Skip to content

5.5.6 Pipeline and Workflows

ColumnTransformer and Pipeline workflow diagram

  • Master ColumnTransformer for handling mixed data types
  • Learn how to create custom Transformers
  • Build a complete feature engineering pipeline

Many beginners can do each step separately, but once they get to a real project, things get messy. Pipeline solves this problem:

How can we turn “data processing -> feature engineering -> model training” into a stable, reproducible, leak-free workflow?

flowchart LR
A["Raw data"] --> B["Split by column"]
B --> C["Numeric processing"]
B --> D["Categorical processing"]
B --> E["Custom features"]
C --> F["Merge"]
D --> F
E --> F
F --> G["Model training / prediction"]

You can think of a Pipeline as:

  • Putting scattered manual steps into an automatic assembly line

Without a Pipeline, you may end up doing this:

  • Manually filling missing values
  • Manually encoding categories
  • Manually scaling features
  • Manually feeding the result into the model

This is like:

  • Writing the process on paper every time, which makes it very easy to miss a step

The value of a Pipeline is:

  • It fixes the workflow so training and prediction always follow the same rules
  • Avoid inconsistent preprocessing between training and test sets
  • Avoid data leakage
  • Make cross-validation and hyperparameter tuning easier
  • Reuse the whole workflow on new data

When are you most likely to make mistakes?

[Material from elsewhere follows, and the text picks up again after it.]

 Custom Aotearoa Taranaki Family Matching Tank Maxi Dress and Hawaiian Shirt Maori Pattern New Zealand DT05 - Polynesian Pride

Section titled “When are you most likely to make mistakes?”

The most common mistake is:

  • Preprocessing the training set manually one way
  • Preprocessing the test set manually in a different way

As a result, the model does not see the same kind of data at all. The most important role of Pipeline is to prevent this kind of “the workflow drifted, but you didn’t notice” problem.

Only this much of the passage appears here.